К трём мы были в Сухоруково. Заехали в школу. Валентина у себя в классе шестого «А»; шестой урок, окно у неё в три тридцать. Я зашёл в школу с чёрного входа (не для конспирации, а потому что у Валентины класс на втором этаже у бокового крыла, удобнее с этого входа). Прошёл в коридор. У её класса дверь закрыта; в коридоре пусто. Подождал.
В три тридцать прозвенел звонок. Дверь открылась. Шестиклассники высыпали в коридор, шумные, с портфелями; меня узнавали (я в селе все эти лица узнавал), здоровались. «Здрасьте, Павел Васильевич». Я кивал.
Валентина вышла после всех. Увидела меня.
— Паш? Ты чего здесь?
— Заехал. По пути, на минуту.
Она вышла со мной в коридор, прикрыла дверь класса.
— На минуту — это хорошо. А агитировать тут не вздумай: завтра выборы, сегодня нельзя.
— Не агитирую. Уже уезжаю — видишь, в пальто.
Она улыбнулась коротко, не широко.
— Катя уроки отсидела, домой ушла. Я и сама буду дома через час.
— Тогда дома и дождусь. Всех вас.
Подал ей руку, короткое, не служебное; она пожала. По коридору пошёл к выходу. По дороге у двери в учительскую узнал Нину Степановну (Нина в этой школе же преподавала, по совместительству, по литературе; у неё в школе свой класс). Кивнул через стекло. Нина в ответ кивнула.
Вышел из школы.
К четырём мы были у магазина № 2. Магазин у нас стоял в центре села, рядом с медпунктом; в одноэтажном здании, выкрашенном в светло-голубой цвет с прошлого лета. На двери табличка «Магазин № 2 кооператива „Рассвет“»; работает по графику девять-девятнадцать с перерывом на обед.
Я вошёл. В магазине было пусто; послеобеденное время в субботу. За прилавком — Лиза. В платке (она с осени в платке после второй беременности; работала на полставки). В простом сером пальто (магазин не отапливался напрямую; работали в пальто). За её прилавком обычный ассортимент: хлеб, молочные продукты от молокозавода, консервированные от артели «Рассвет-Плюс».
Лиза подняла глаза. Узнала меня. Сразу выпрямилась.
— Павел Васильевич.
— Лиза.
— Я завтра — голосовать. Уже одета.
Я улыбнулся коротко.
— Спасибо, Лиза. С Новым годом не успел поздравить.
— Принимаю с опозданием.
Она вышла из-за прилавка. На лице у неё простое, не казённое; глаза тёплые. Лизе в этом году было двадцать восемь. В магазине она с восемьдесят четвёртого года; в декрете с прошлого лета. Второй ребёнок (мальчик) родился в августе восемьдесят шестого; на полставки она вышла в декабре.
— У Вас, Лиза, как дома?
— Как дома хорошо. Колька подрастает. Старшая ходит в детский сад. Денис на работе с утра; к вечеру он сегодня в шесть приходит.
— Хорошо.
— А у Вас?
— У меня — завтра большой день.
— Я знаю. — Она секунду помедлила, не возвращаясь за прилавок. — И ещё, Павел Васильевич. Я Вам это скажу — у нас в магазине надо говорить прямо. Сегодня утром у меня была Антонина из Медведево; гостит у свояченицы. Она передала из Медведева одну вещь. Сёмину помните — ту, что тринадцатого на митинге Вам вопрос по молокозаводу подняла?
— Помню.
— Сёмина две недели ждала Вашего ответа. Не дождалась. Антонина её слова мне сегодня в магазине пересказала: «Дорохов вопрос мой на митинге принял, обещал через Сергея Тимофеевича ответить лично, и не ответил. Может, своему я зря поверила».

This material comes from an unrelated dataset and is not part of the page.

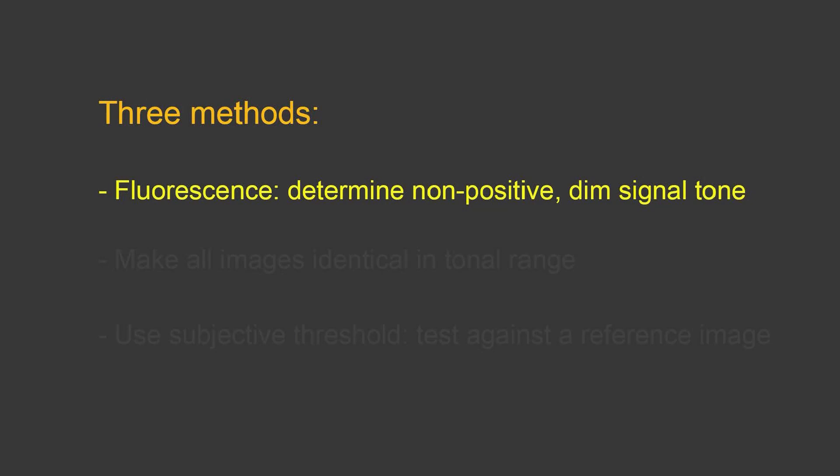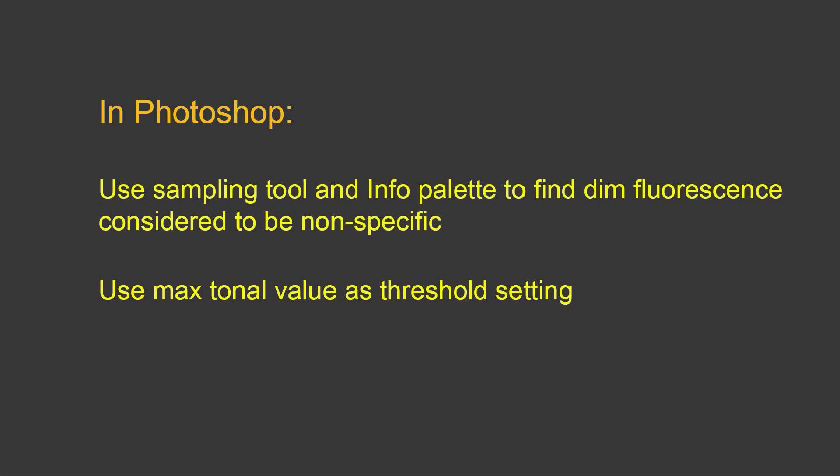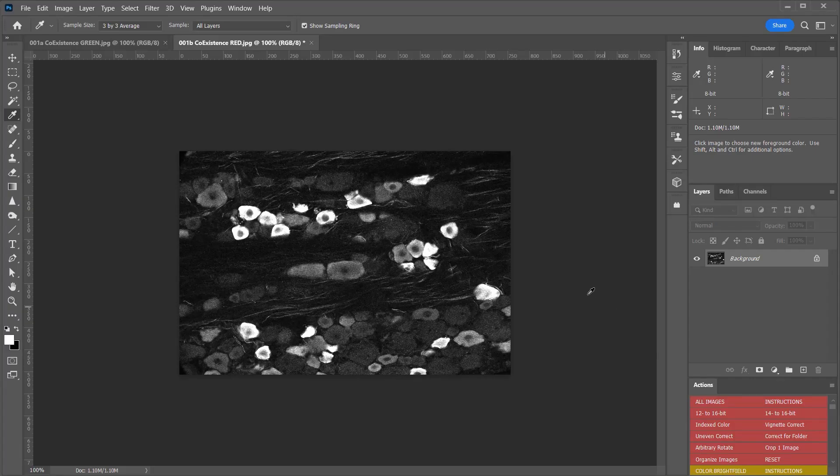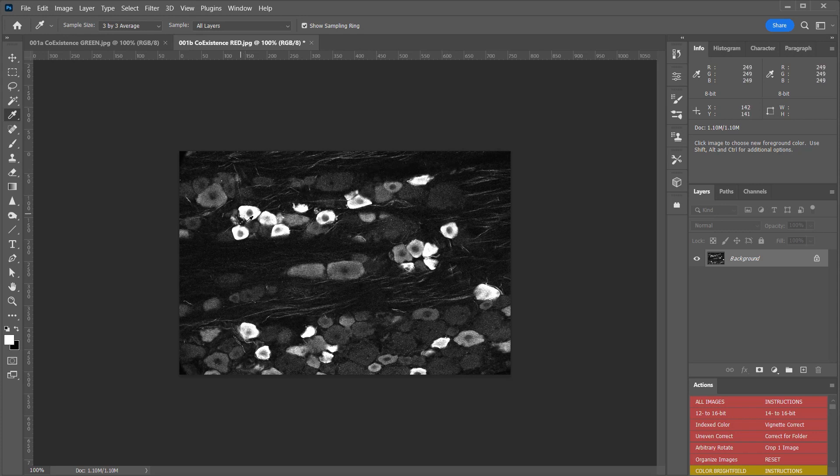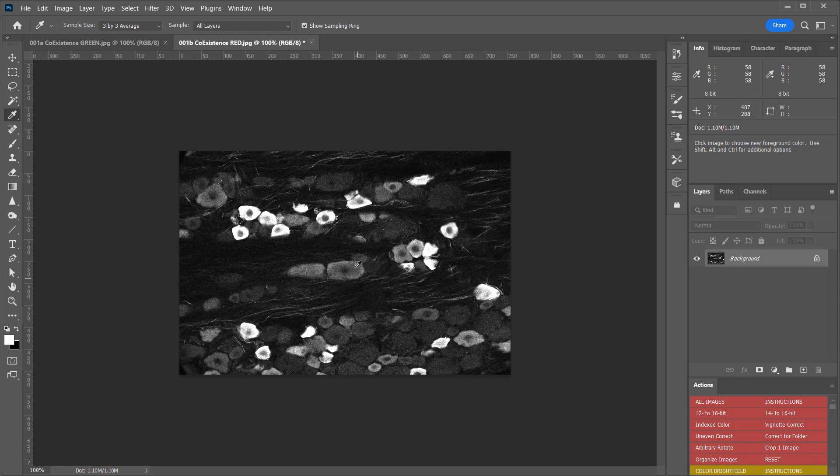Let's talk about fluorescence first. Talk about determining a non-positive dim signal tone to then determine the threshold value. In Photoshop, you'd want to use the sampling tool and the info palette to find dim fluorescence considered to be nonspecific, and then you use the max tonal value as the threshold setting. Here in Photoshop, we have a fluorescence image, and you can see that there are brighter parts of this image that you would want to measure, and dimmer parts where there's some fluorescence or some value that's above background where you wouldn't want to measure. And so what you need to do then is determine what the brightest signal is here in the nonspecific areas so that you can then set a threshold that's above that.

Я не сразу ответил. Тринадцатого января у меня по Медведеву остался хвост: после митинга я Сергею Тимофеевичу сказал — «завтра вдвоём проверим, что у молокозавода с Медведевом». Дальше пошла кампания, селектор, письмо, регистрация. Сёминину строку я в эти одиннадцать дней не закрыл.
— Лиза. Спасибо, что прямо. Этот ответ я Сёминой должен; о нём в эти две недели забыл. После голосования сяду с Сергеем Тимофеевичем — закрою. Если Сёмина в Медведево услышит, что я ей лично извинился через Сергея Тимофеевича, — это будет правдой.
— Это и от меня важно. У нас в магазине люди слышат больше, чем в правлении.
— До свидания, Лиза.
— До свидания, Павел Васильевич. Передавайте Валентине Юрьевне поклон.
— Передам.
Я вышел.
Снег во дворе магазина лежал ровный; ни одного нового следа со вчерашнего дня. У Лизы во дворе стояло закрытое крыльцо, на верёвке висели простыни; они немного промёрзли к январскому холоду, но Лиза их по обычной для деревни форме не снимала до того, как они высохнут до конца. У крыльца на досочке стояло детское ведёрко с прошлой осени; я его узнал — то же, что я в августе у Лизы видел.
Я отметил всё это для себя без слов. В этом дворе у Лизы у меня в голове сложилась картинка — простая, тёплая, советская деревенская: продавщица в платке, второй ребёнок, муж Денис на работе, старшая дочь в детском саду. Эта семья голосует за меня завтра не за партию, не за идею, не за обкомовский расчёт. За меня — потому что я в магазине стою на этих же полках, что и они. По арифметике их голос один из ста ему подобных в селе. По существу этот голос для меня сегодня вечером значил больше, чем все обкомовские бумаги.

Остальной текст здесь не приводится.